* _Exercise directions_
Each entry should be repeated exactly. Its pictures should not be.

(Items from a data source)

┌──

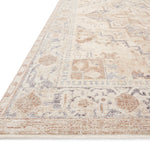 Loloi Carlisle Beige / Slate Rug RUGS - vintage inspired Loloi
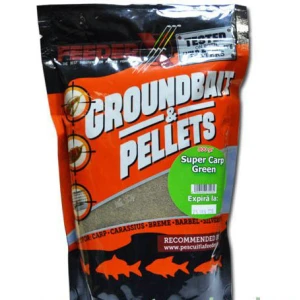 Nada Feeder-x Super Carp Green 800g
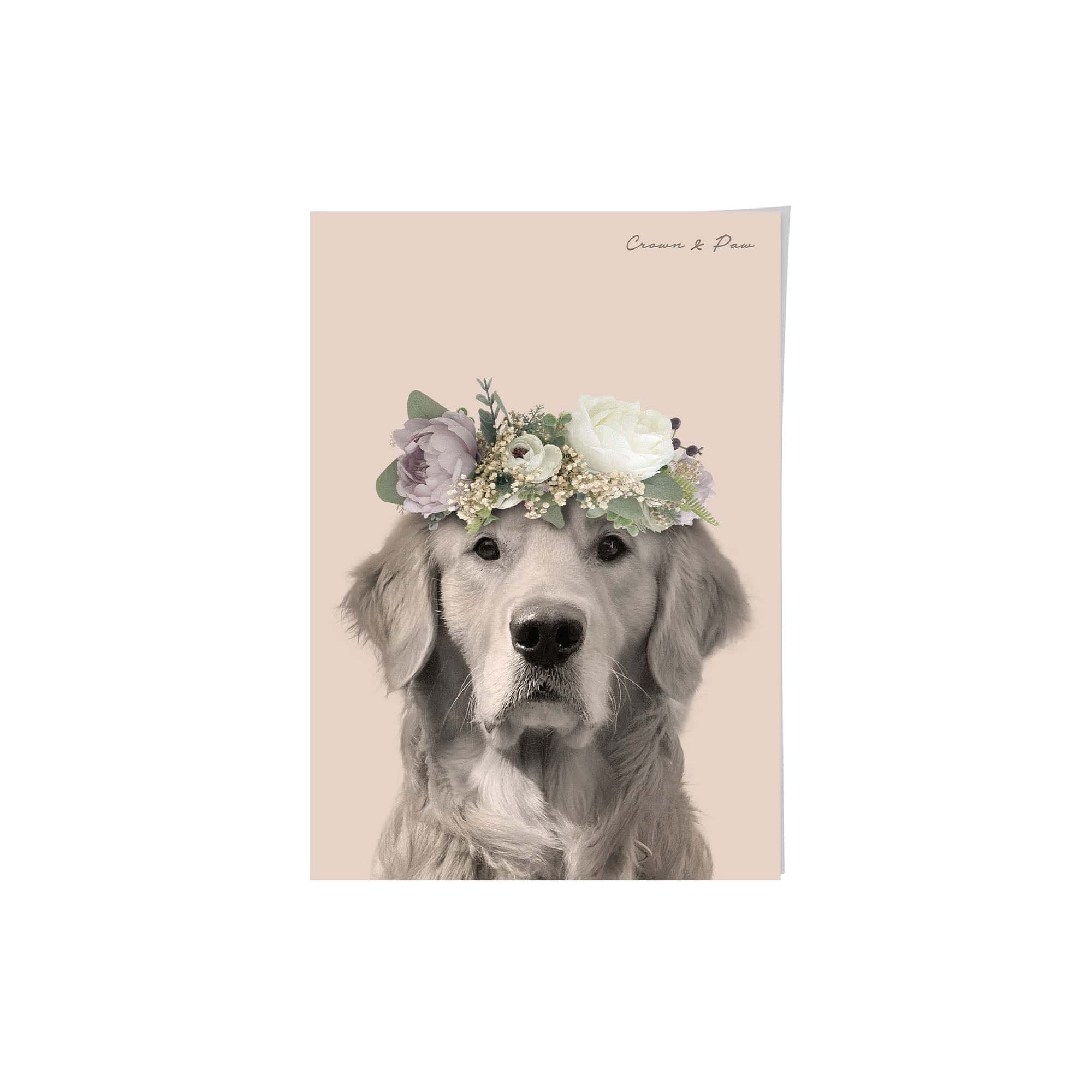 Full Bloom - Custom Pet Poster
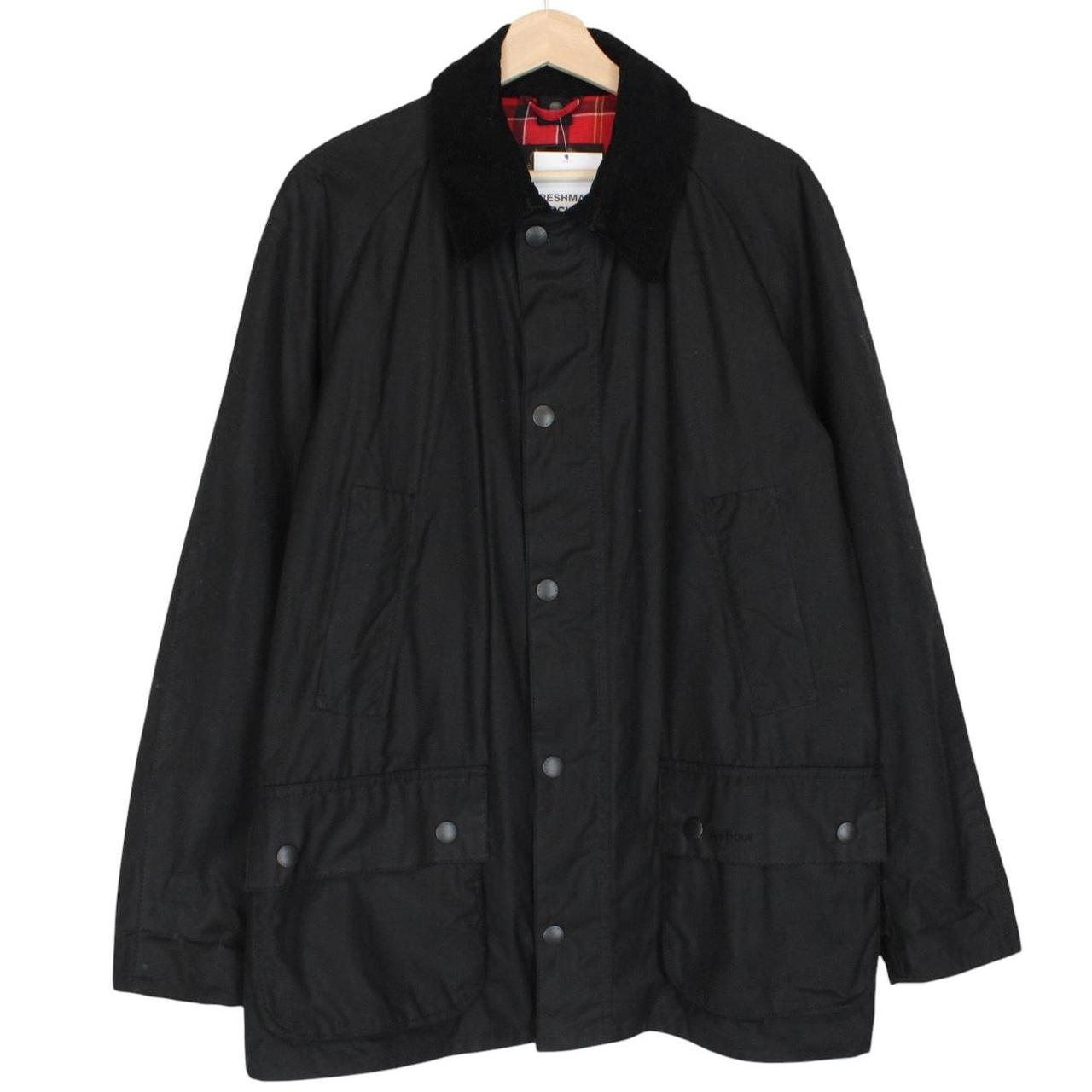 Barbour Ashby Black Wax Jacket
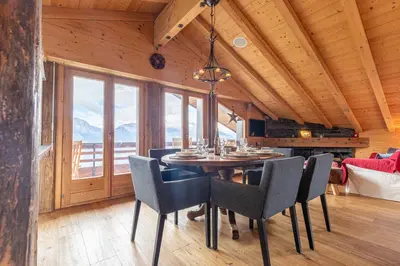 Naturlandschaft in der Nähe der Ferienwohnung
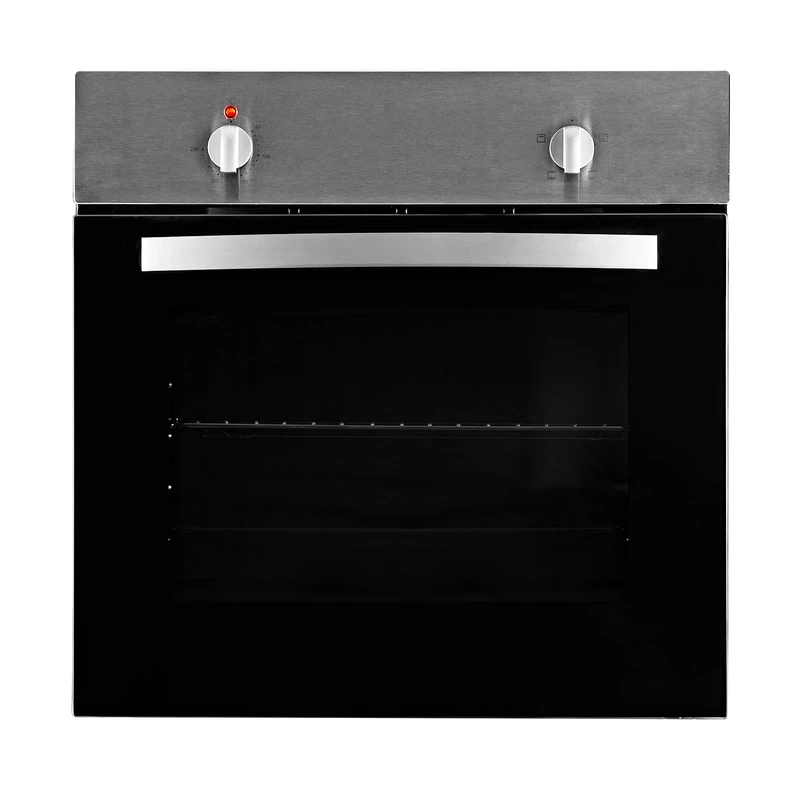 60cm Single Electric Oven In Stainless Steel, Multi-function - SIA SSO59SS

└──

* _Solved problem_
 Loloi Carlisle Beige / Slate Rug RUGS - vintage inspired Loloi
 Nada Feeder-x Super Carp Green 800g
 Full Bloom - Custom Pet Poster
 Barbour Ashby Black Wax Jacket
 Naturlandschaft in der Nähe der Ferienwohnung
 60cm Single Electric Oven In Stainless Steel, Multi-function - SIA SSO59SS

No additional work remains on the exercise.